4. Build duplex consensus sequences from the aligned families.

$ make-consensi.py --fastq-out 40 families.msa.tsv --dcs1 duplex_1.fq --dcs2 duplex_2.fq

This calls a consensus sequence from the multiple sequence alignments of the previous step. It does this in two steps: First, single-strand consensus sequences (SSCSs) are called from the family alignments, then duplex consensus sequences are called from pairs of SSCSs.

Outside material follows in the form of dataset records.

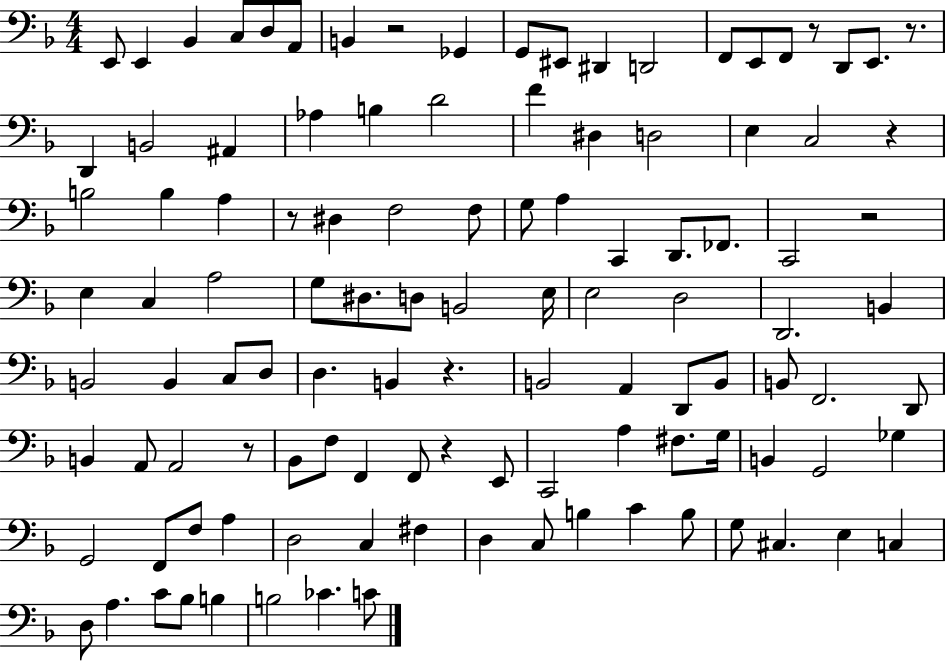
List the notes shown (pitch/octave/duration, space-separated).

E2/e E2/q Bb2/q C3/e D3/e A2/e B2/q R/h Gb2/q G2/e EIS2/e D#2/q D2/h F2/e E2/e F2/e R/e D2/e E2/e. R/e. D2/q B2/h A#2/q Ab3/q B3/q D4/h F4/q D#3/q D3/h E3/q C3/h R/q B3/h B3/q A3/q R/e D#3/q F3/h F3/e G3/e A3/q C2/q D2/e. FES2/e. C2/h R/h E3/q C3/q A3/h G3/e D#3/e. D3/e B2/h E3/s E3/h D3/h D2/h. B2/q B2/h B2/q C3/e D3/e D3/q. B2/q R/q. B2/h A2/q D2/e B2/e B2/e F2/h. D2/e B2/q A2/e A2/h R/e Bb2/e F3/e F2/q F2/e R/q E2/e C2/h A3/q F#3/e. G3/s B2/q G2/h Gb3/q G2/h F2/e F3/e A3/q D3/h C3/q F#3/q D3/q C3/e B3/q C4/q B3/e G3/e C#3/q. E3/q C3/q D3/e A3/q. C4/e Bb3/e B3/q B3/h CES4/q. C4/e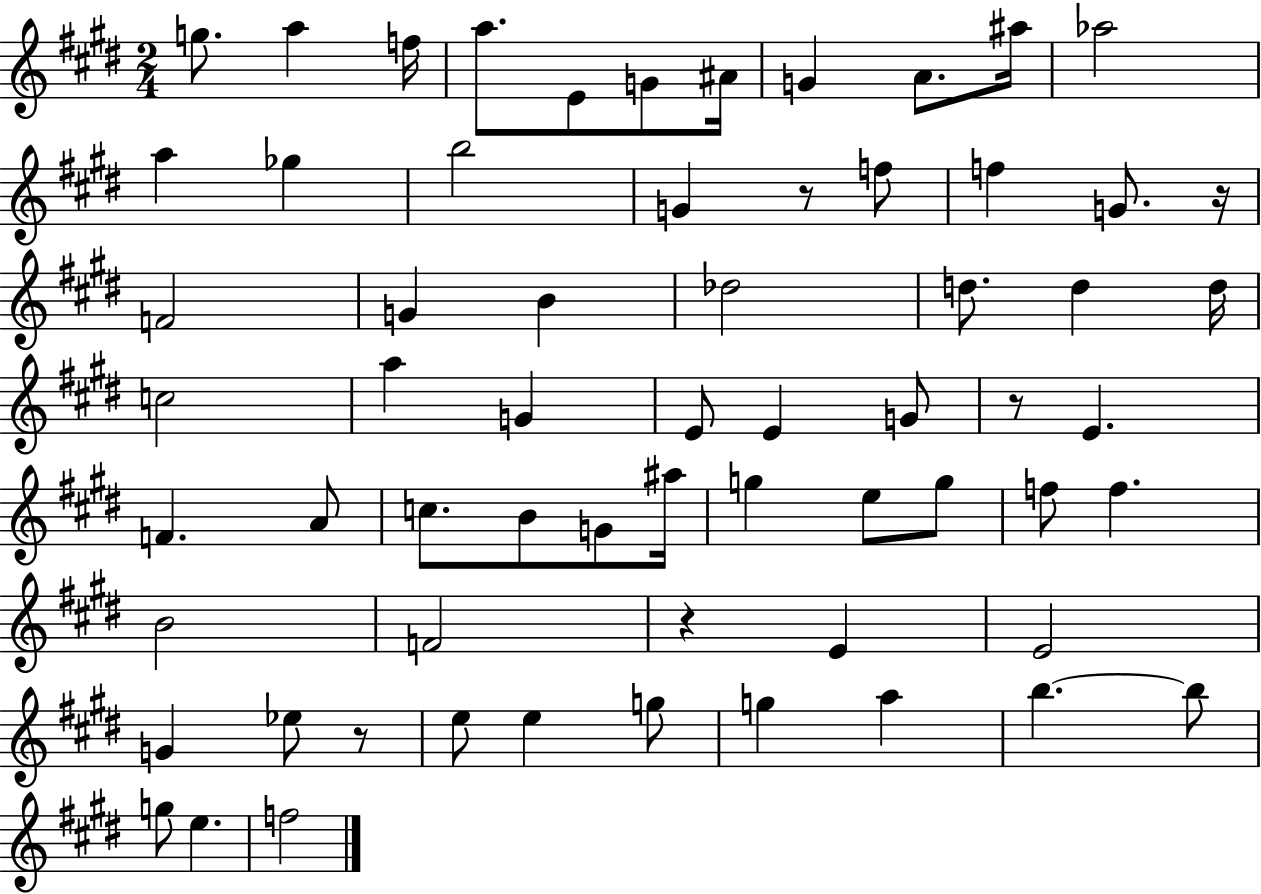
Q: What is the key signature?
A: E major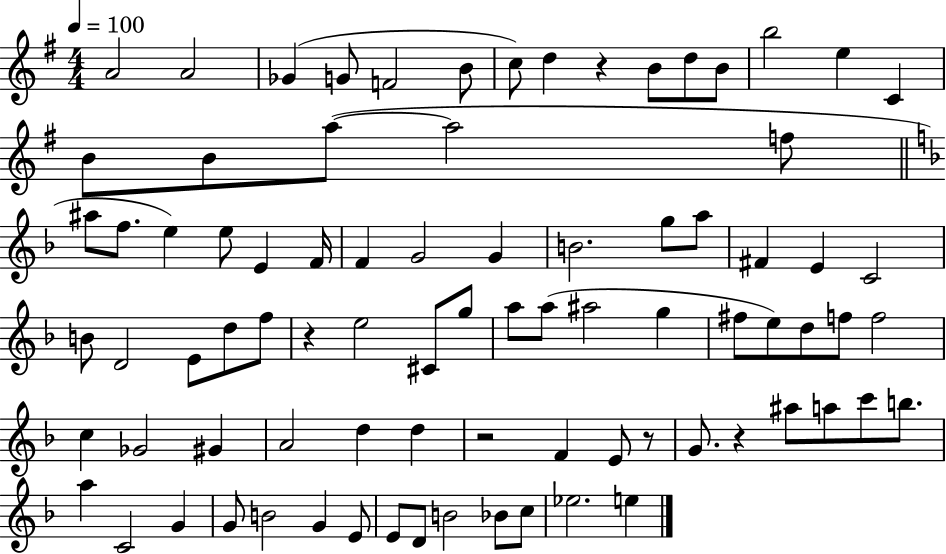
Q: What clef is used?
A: treble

When calling SSCSs, by default 3 reads are required to successfully create a consensus from each strand (change this with --min-reads). Quality filtering is done at this step by excluding bases below a quality threshold. By default, no base with a PHRED quality less than 20 will contribute to the consensus (change this with --qual). If no base passes the threshold or there is no majority base, N will be used.

The duplex consensus sequences are created by comparing the two SSCSs. For each base, if they agree, that base will be used. If they disagree, the IUPAC ambiguity code for the two bases will be used. Note that a disagreement between a base and a gap will result in an N.

The output of this step is the duplex consensus sequences in FASTA format. To also output all single-strand consensus sequences (including those which didn't produce a duplex consensus), use the --sscs1 and --sscs2 options.

The reads will be printed in two files, one per paired-end mate, with this naming format:
>{barcode} {# reads in strand 1 family}-{# reads in strand 2 family}
e.g.
>TTGCGCCAGGGCGAGGAAAATACT 8-13

Post-processing

When the consensus-calling process doesn't have enough information to call a base, it inserts an N or another IUPAC ambiguity code. This can happen in several cases, like when the two single-strand consensus sequences disagree, the PHRED quality is low, or the ends of the reads were trimmed.

The script trimmer.py in the bfx directory was written to deal with these bases. It can trim the ends of reads when they contain too many N's or ambiguous bases, or filter out reads with too many of them, or both.

It's a good idea to apply trimmer.py to at least remove sequence with a high density of ambiguous bases. This will result from any low-quality region or portion of the consensus where the raw reads were trimmed to different lengths:

$ trimmer.py --acgt --window 10 --thres 0.3 --min-length 50 duplex_1.fa duplex_2.fa duplex.filt_1.fa duplex.filt_2.fa

For an explanation of the arguments, see:

Trimmer usage

This command will trim any read with more than 3 N's in a 10 base window, removing all the sequence after the first N in the offending window:

$ trimmer.py --filt-bases N --window 10 --thres 0.3 consensus.fa > filtered.fa

If our reads are 251bp, we can add --min-length 251 to make it simply remove any of the reads that ever exceed the threshold:

$ trimmer.py --filt-bases N --window 10 --thres 0.3 --min-length 251 consensus.fa > filtered.fa

The --acgt argument will filter on any non-ACGT base instead of just N's:

$ trimmer.py --acgt --window 10 --thres 0.3 consensus.fa > filtered.fa

The script also handles paired-end data, preserving pairs by removing both reads when any one of them needs to be filtered out:

$ trimmer.py --acgt --window 10 --thres 0.3 cons_1.fa cons_2.fa filtered_1.fa filtered_2.fa

Known bugs

Be aware that a known bug in Python when using the multiprocessing module makes it impossible to kill a running process with the Ctrl+C keyboard command. So if you run align-families.py or make-consensi.py in the foreground, you'll have to exit via Ctrl+Z to stop and background the job, then kill the process (e.g. $ kill %1, if it's the only backgrounded job).